Im Jahr 1856 wurde ein Plan verwirklicht, der zwar gut gemeint war, aber leider das Gegenteil erreichte: Durch das neue Wasserwerk am Stralauer Tor wurden die Rinnsteine von nun an durchgespült. Gleichzeitig erleichterte das Wasserwerk die Entnahme von Frischwasser, was den Verbrauch enorm steigerte. Dadurch stiegen aber auch die Abwassermengen, die Rinnsteine konnten sie nicht mehr fassen, so dass sie sich teilweise über die Straßen verteilten.

1860 erhielt Baurat Friedrich Wiebe vom Minister von der Heydt den Auftrag, einen Plan für die Entwässerung der Stadt zu entwickeln.

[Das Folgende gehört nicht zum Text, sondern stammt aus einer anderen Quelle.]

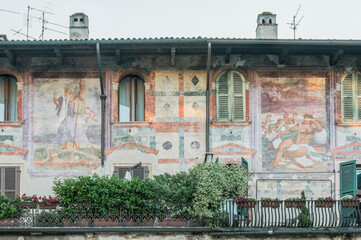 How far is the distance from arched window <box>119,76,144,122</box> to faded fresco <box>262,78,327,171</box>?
3445 mm

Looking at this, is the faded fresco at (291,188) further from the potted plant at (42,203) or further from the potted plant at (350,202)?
the potted plant at (42,203)

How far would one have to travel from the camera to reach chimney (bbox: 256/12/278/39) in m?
19.3

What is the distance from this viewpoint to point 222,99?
18.4m

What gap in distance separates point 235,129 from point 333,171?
290cm

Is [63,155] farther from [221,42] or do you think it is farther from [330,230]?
[330,230]

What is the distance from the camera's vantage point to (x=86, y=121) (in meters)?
18.2

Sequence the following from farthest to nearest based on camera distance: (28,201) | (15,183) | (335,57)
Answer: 1. (335,57)
2. (15,183)
3. (28,201)

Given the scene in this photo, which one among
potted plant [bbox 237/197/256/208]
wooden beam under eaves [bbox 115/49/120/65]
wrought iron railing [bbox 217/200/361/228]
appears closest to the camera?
wrought iron railing [bbox 217/200/361/228]

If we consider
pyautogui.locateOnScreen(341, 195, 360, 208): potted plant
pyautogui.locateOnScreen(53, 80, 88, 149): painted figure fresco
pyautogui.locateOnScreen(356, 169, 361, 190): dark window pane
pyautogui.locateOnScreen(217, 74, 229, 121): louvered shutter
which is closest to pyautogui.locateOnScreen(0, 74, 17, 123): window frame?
pyautogui.locateOnScreen(53, 80, 88, 149): painted figure fresco

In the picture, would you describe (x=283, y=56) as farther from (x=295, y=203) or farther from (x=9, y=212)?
(x=9, y=212)

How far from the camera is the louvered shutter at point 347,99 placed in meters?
18.3

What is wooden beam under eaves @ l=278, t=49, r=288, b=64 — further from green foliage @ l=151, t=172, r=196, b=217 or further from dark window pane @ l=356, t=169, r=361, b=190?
green foliage @ l=151, t=172, r=196, b=217

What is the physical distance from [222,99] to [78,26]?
4717 millimetres

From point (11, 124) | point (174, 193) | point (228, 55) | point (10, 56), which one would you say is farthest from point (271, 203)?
point (10, 56) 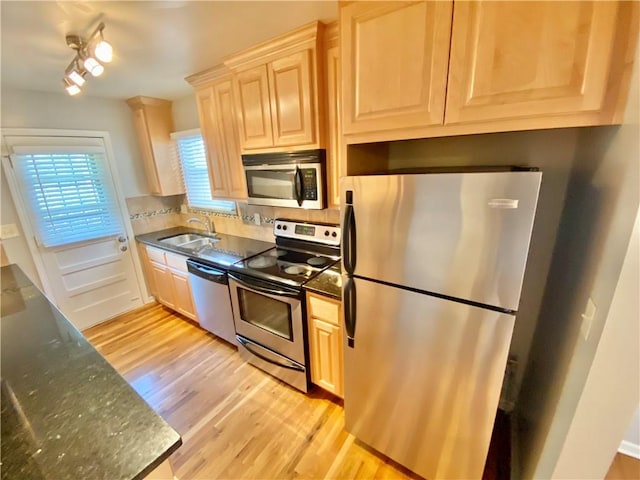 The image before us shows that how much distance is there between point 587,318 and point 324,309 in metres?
1.18

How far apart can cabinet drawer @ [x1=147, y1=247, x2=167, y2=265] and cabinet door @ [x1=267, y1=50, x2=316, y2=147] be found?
6.22 feet

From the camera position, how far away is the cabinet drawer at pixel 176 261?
2582mm

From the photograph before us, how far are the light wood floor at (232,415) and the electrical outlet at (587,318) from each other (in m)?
1.24

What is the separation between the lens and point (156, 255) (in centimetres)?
295

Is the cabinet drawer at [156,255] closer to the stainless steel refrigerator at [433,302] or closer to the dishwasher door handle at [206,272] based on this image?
the dishwasher door handle at [206,272]

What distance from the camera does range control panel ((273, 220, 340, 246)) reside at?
2.14 metres

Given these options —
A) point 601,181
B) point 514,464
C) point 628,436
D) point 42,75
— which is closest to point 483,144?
point 601,181

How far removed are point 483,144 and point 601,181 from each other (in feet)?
1.89

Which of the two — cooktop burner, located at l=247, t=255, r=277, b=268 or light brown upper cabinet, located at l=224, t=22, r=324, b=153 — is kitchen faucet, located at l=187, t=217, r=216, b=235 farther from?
light brown upper cabinet, located at l=224, t=22, r=324, b=153

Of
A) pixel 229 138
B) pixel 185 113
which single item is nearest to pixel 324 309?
pixel 229 138

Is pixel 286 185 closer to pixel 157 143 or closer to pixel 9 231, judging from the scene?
pixel 157 143

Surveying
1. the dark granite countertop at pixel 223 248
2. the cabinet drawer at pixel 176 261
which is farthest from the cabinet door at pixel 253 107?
the cabinet drawer at pixel 176 261

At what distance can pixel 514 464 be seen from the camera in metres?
1.47

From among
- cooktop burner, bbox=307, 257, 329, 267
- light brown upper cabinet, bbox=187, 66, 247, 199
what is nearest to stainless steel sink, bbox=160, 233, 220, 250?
light brown upper cabinet, bbox=187, 66, 247, 199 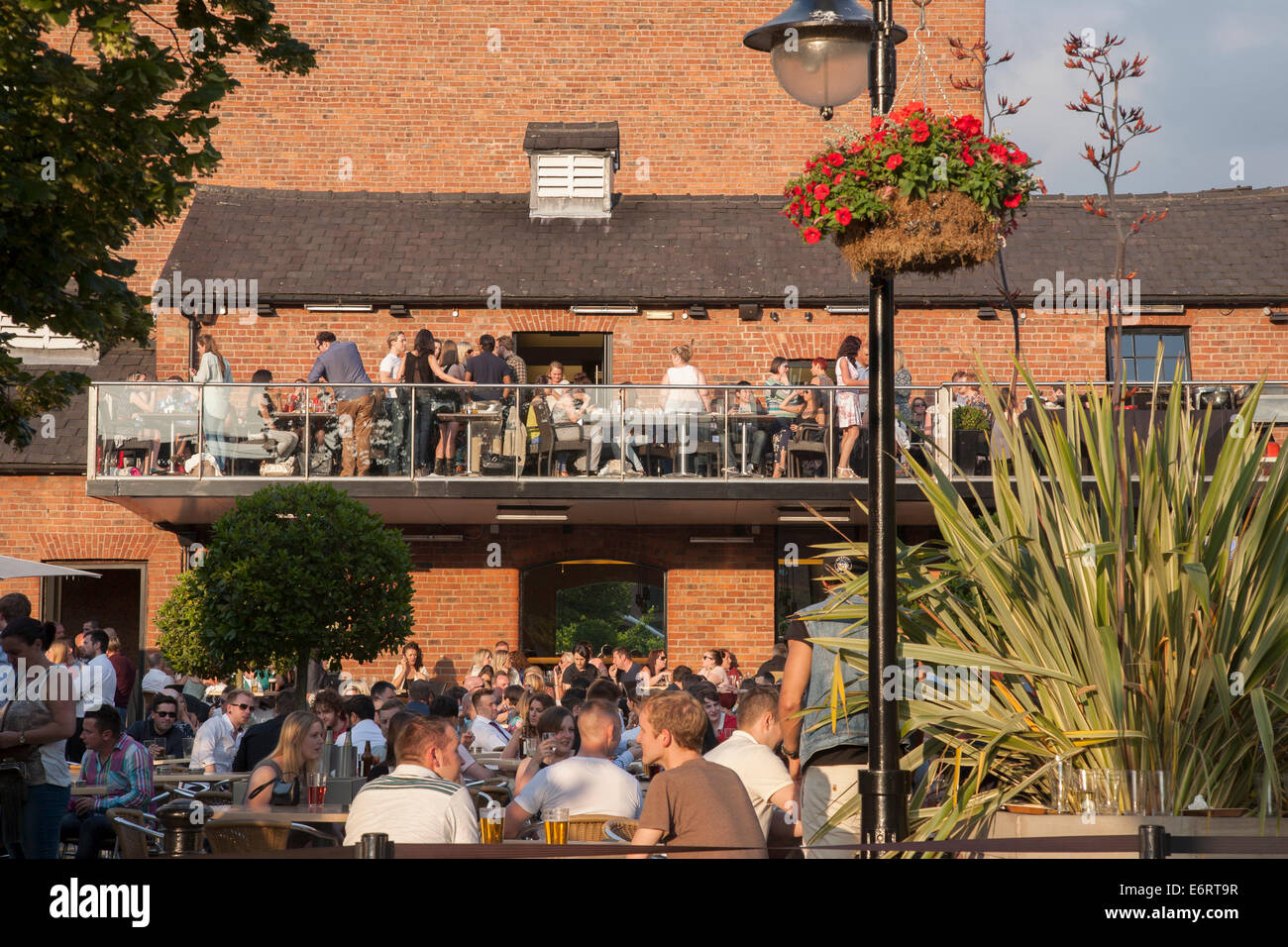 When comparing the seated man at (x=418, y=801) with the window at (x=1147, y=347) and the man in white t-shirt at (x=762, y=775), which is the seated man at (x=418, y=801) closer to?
the man in white t-shirt at (x=762, y=775)

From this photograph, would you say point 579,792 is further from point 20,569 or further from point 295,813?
point 20,569

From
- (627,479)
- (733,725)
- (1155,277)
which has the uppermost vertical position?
(1155,277)

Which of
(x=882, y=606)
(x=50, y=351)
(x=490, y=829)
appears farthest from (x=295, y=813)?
(x=50, y=351)

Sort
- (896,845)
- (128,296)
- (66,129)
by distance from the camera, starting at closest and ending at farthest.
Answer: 1. (896,845)
2. (66,129)
3. (128,296)

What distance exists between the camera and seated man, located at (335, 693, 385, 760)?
10.4 metres

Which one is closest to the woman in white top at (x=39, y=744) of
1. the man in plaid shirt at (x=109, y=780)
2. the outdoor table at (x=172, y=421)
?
the man in plaid shirt at (x=109, y=780)

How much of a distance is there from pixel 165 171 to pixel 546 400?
318 inches

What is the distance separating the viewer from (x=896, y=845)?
4246 millimetres

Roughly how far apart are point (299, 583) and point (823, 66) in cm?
826

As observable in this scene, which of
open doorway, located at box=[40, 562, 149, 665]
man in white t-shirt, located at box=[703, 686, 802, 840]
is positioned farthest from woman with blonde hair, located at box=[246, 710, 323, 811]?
open doorway, located at box=[40, 562, 149, 665]

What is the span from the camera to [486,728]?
38.5 ft

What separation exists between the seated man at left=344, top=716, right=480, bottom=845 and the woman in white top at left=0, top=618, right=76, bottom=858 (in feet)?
8.87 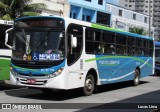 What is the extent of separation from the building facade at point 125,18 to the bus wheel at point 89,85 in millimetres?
58465

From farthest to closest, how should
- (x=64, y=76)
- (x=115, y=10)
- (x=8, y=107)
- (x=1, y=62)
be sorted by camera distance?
1. (x=115, y=10)
2. (x=1, y=62)
3. (x=64, y=76)
4. (x=8, y=107)

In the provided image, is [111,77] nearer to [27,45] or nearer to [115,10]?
[27,45]

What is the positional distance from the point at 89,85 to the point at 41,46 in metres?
2.79

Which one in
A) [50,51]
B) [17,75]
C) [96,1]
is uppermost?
[96,1]

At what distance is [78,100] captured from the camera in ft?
42.8

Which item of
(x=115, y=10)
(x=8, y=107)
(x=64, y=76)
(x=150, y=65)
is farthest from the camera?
(x=115, y=10)

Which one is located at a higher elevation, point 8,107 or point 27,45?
point 27,45

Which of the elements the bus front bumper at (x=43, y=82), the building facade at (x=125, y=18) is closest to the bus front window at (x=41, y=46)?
the bus front bumper at (x=43, y=82)

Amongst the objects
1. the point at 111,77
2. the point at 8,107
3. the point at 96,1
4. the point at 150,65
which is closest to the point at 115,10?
the point at 96,1

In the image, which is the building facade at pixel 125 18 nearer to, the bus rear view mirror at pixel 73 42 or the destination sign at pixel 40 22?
the destination sign at pixel 40 22

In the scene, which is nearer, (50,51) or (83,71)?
(50,51)

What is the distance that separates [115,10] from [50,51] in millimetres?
70291

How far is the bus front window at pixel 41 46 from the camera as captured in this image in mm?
12609

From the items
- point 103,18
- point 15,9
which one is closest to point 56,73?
point 15,9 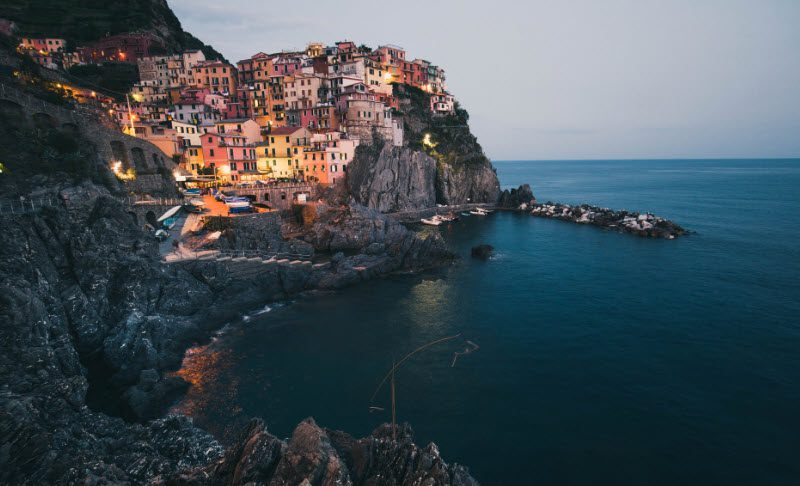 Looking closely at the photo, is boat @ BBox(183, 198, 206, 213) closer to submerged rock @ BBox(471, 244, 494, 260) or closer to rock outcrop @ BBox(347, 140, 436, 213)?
rock outcrop @ BBox(347, 140, 436, 213)

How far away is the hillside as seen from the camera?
99.2m

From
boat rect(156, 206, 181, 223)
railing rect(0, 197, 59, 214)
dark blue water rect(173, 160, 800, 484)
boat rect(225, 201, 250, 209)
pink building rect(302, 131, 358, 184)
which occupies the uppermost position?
pink building rect(302, 131, 358, 184)

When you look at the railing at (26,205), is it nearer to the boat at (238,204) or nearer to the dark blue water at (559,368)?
the dark blue water at (559,368)

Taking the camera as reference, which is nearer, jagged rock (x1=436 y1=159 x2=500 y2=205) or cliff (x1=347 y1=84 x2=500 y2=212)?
cliff (x1=347 y1=84 x2=500 y2=212)

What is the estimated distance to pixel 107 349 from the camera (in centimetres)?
2639

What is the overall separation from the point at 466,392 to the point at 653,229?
60.8 m

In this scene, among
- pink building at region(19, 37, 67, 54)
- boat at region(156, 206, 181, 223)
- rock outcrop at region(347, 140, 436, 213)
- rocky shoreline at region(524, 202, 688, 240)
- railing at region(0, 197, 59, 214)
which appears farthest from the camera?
pink building at region(19, 37, 67, 54)

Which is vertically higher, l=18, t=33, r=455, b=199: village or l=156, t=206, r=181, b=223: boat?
l=18, t=33, r=455, b=199: village

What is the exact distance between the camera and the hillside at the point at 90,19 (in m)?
99.2

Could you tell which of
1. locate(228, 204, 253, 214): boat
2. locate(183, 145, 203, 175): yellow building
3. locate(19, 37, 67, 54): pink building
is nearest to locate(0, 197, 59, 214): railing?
locate(228, 204, 253, 214): boat

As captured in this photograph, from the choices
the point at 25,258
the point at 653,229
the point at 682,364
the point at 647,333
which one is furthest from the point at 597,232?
the point at 25,258

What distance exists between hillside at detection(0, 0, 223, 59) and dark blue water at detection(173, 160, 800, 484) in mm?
111530

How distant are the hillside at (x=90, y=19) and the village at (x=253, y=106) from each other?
8.66m

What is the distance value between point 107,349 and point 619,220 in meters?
84.8
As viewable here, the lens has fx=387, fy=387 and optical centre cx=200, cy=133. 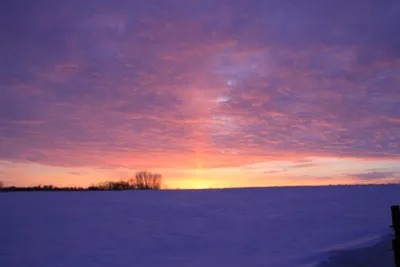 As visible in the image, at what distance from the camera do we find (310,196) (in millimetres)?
35312

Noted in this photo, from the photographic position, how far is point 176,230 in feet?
72.1

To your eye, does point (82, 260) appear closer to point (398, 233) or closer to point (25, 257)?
point (25, 257)

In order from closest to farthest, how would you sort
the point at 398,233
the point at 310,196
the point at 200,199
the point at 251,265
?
the point at 398,233 < the point at 251,265 < the point at 200,199 < the point at 310,196

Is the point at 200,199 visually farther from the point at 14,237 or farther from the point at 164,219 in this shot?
the point at 14,237

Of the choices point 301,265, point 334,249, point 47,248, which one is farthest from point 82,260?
point 334,249

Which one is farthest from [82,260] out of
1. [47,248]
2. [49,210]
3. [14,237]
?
[49,210]

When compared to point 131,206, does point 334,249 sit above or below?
below

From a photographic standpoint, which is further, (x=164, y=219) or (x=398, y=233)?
(x=164, y=219)

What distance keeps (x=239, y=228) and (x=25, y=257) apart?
12320 mm

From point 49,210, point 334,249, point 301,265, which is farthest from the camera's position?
point 49,210

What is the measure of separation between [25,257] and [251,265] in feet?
30.9

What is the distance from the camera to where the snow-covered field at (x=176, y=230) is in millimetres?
16984

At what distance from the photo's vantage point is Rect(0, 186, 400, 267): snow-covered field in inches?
669

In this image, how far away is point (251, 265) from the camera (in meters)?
15.6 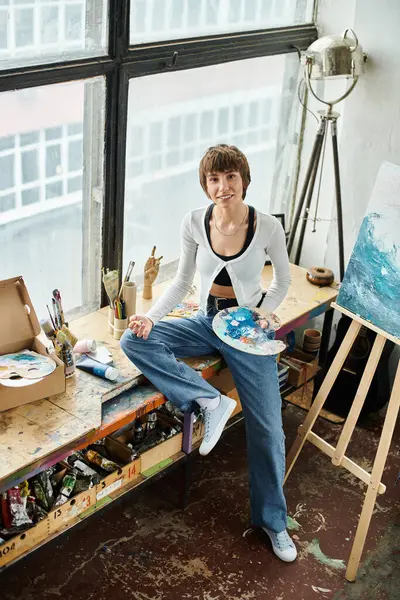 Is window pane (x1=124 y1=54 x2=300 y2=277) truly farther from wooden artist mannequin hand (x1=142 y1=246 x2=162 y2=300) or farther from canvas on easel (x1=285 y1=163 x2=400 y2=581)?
canvas on easel (x1=285 y1=163 x2=400 y2=581)

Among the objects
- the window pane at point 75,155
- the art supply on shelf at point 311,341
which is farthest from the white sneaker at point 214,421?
the window pane at point 75,155

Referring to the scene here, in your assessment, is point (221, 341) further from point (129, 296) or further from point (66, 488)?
point (66, 488)

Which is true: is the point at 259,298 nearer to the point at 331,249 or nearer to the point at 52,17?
the point at 331,249

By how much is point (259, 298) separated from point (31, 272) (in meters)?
0.99

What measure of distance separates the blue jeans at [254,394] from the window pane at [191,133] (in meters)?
0.75

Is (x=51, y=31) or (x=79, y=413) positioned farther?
(x=51, y=31)

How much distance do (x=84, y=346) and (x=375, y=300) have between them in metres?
1.20

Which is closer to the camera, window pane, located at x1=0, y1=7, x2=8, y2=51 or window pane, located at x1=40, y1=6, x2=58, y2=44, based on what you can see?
window pane, located at x1=0, y1=7, x2=8, y2=51

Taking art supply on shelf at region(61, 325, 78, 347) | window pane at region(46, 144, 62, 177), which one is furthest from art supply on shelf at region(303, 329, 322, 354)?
window pane at region(46, 144, 62, 177)

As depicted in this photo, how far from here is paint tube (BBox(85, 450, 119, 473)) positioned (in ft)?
9.89

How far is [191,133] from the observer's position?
3.76 m

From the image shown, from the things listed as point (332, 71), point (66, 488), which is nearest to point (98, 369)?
point (66, 488)

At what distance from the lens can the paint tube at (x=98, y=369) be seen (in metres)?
3.08

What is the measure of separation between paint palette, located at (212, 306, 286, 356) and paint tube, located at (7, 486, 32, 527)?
1.00m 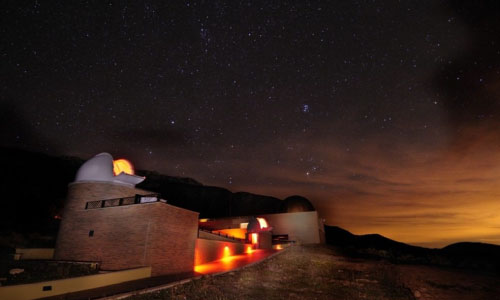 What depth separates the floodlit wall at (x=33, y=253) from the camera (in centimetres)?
1614

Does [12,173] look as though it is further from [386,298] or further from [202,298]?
[386,298]

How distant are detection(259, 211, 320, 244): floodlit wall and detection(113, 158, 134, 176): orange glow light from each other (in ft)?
73.0


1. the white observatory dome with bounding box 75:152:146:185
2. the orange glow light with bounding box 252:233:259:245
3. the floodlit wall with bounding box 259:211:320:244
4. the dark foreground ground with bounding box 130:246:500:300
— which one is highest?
the white observatory dome with bounding box 75:152:146:185

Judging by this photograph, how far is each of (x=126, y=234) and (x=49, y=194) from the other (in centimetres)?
4870

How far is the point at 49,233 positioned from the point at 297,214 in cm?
3026

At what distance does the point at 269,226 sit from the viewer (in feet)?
118

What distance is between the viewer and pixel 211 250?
19125 mm

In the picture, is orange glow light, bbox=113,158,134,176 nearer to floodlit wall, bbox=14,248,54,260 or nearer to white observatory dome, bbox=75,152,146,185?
white observatory dome, bbox=75,152,146,185

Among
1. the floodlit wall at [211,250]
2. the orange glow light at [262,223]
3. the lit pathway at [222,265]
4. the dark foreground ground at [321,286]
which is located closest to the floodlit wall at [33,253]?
the floodlit wall at [211,250]

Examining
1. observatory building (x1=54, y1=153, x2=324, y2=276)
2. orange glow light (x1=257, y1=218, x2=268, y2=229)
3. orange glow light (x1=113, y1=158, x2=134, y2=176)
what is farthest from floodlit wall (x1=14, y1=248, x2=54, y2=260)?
orange glow light (x1=257, y1=218, x2=268, y2=229)

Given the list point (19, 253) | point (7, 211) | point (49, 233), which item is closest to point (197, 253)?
point (19, 253)

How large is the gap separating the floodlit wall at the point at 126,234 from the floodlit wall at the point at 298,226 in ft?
70.8

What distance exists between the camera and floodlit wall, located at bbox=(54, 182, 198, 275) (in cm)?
1299

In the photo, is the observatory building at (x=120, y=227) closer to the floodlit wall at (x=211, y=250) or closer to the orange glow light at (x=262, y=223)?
the floodlit wall at (x=211, y=250) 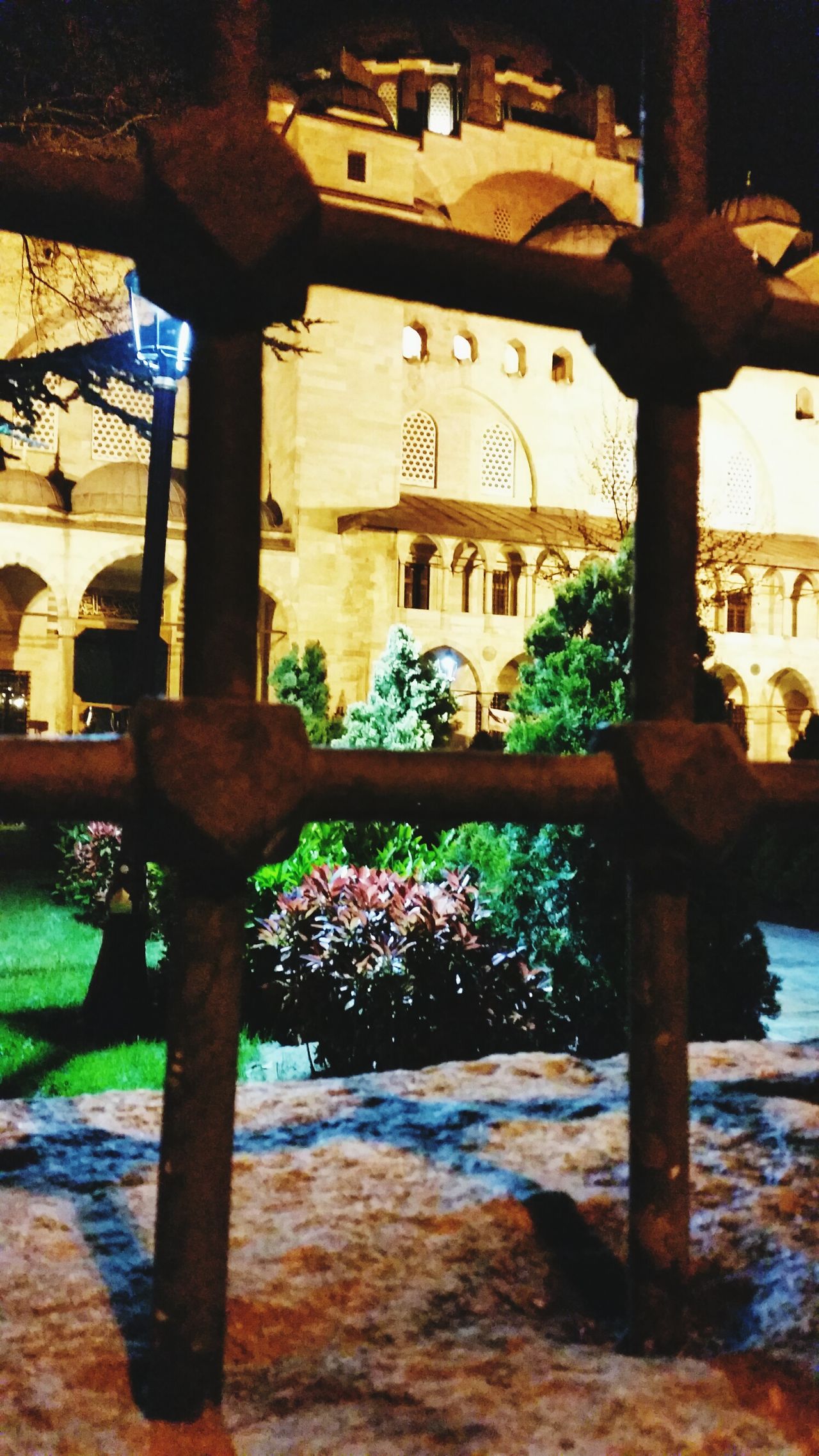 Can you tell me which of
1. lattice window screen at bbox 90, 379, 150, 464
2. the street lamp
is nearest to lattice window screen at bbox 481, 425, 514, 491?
lattice window screen at bbox 90, 379, 150, 464

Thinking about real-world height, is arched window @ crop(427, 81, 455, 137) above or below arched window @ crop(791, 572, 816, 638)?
above

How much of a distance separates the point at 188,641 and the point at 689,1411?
799 mm

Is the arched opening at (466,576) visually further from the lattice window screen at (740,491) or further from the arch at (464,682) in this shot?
the lattice window screen at (740,491)

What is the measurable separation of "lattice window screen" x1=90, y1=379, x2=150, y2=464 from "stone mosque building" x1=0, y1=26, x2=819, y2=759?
70 millimetres

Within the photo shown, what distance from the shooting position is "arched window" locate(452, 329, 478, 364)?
27.1m

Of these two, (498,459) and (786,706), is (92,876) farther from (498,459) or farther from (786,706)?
(786,706)

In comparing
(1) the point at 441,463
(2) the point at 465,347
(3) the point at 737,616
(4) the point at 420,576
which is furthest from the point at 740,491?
(4) the point at 420,576

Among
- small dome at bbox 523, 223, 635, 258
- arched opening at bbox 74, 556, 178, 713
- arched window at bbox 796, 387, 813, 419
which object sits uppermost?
small dome at bbox 523, 223, 635, 258

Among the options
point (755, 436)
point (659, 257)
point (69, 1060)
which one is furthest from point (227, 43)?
point (755, 436)

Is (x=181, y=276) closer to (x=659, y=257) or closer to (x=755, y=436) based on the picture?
(x=659, y=257)

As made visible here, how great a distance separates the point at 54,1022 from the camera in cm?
487

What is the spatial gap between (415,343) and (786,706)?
15.1m

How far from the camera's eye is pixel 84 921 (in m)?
7.78

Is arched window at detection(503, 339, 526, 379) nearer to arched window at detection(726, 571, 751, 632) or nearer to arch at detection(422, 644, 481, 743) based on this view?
arched window at detection(726, 571, 751, 632) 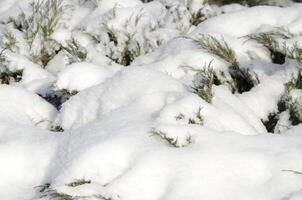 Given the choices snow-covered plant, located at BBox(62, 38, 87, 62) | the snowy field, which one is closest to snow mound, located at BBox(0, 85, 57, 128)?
the snowy field

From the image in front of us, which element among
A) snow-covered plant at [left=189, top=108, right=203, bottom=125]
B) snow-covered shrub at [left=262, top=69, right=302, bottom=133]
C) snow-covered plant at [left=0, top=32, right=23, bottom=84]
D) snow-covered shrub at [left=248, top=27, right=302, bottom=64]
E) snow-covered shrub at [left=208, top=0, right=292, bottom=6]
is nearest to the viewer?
snow-covered plant at [left=189, top=108, right=203, bottom=125]

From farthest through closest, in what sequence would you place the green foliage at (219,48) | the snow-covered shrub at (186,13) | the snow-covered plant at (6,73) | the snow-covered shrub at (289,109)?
the snow-covered shrub at (186,13)
the snow-covered plant at (6,73)
the green foliage at (219,48)
the snow-covered shrub at (289,109)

Wiebe entwickelte eine Planung, die jedoch von der Stadtverordnetenversammlung abgelehnt wurde: Beidseitig der Spree sollte je ein breiter Kanal gebaut werden, von denen weitere Verzweigungen abgingen, in die das Abwasser fließen sollte. Alles sollte dann gesammelt wieder in die Spree geführt werden.

Stattdessen wurde 1867 eine Arbeitsgruppe gebildet, geleitet vom Mediziner Rudolf Virchow, die alle bisherigen Untersuchungen zusammenfassen und einen Lösungsvorschlag vorlegen sollte. Baurat James Hobrecht, der ebenfalls der Gruppe angehörte, entwickelte 1871 einen Plan, der zwei Jahre später vom Magistrat beschlossen wurde und der sofort verwirklicht werden sollte.
Hobrecht hatte die Stadt, inklusive deren anzunehmenden Ausdehnung, in zwölf voneinander unabhängige Kanalsysteme unterteilt. Dabei orientierte er sich an der natürlichen Geländeformation Berlins. An den jeweils tiefsten Punkten dieser Areale waren Pumpwerke vorgesehen. Die Abwässer der Stadt sollten in unterirdischen Kanälen, die aus Ton gemauert wurden, zu den Pumpwerken geführt werden. Von hier aus wurden sie durch Druckrohre auf Rieselfelder geleitet, die sich weit außerhalb der Stadt befanden. 1878 ging das erste System in Betrieb und pumpte die Abwässer aus der Gegend um den Anhalter Bahnhof ab.

Seitdem ist das System auf 8.800 Kilometer Länge angewachsen, Dreiviertel der Abwässer werden getrennt: In Regenwasser von den Straßengullys sowie Schmutzwasser aus den Wohnhäusern und Betrieben. Das Regenwasser wird in natürliche Gewässer weitergeleitet, vorher macht es aber einen Umweg über sog. Regenbecken, in denen Schmutz wie Hundekot, Abfälle, Ölreste von Autos, Baustellenschmutz usw. herausgefiltert werden.
Das Schmutzwasser dagegen wird in die Klärwerke geleitet. Dort landen auch die ca. 25 Prozent Abwasser aus den Mischwasserkanälen. Vor allem in den Innenstadtbezirken wurden diese Kanäle verlegt, da sie weniger Platz verbrauchen.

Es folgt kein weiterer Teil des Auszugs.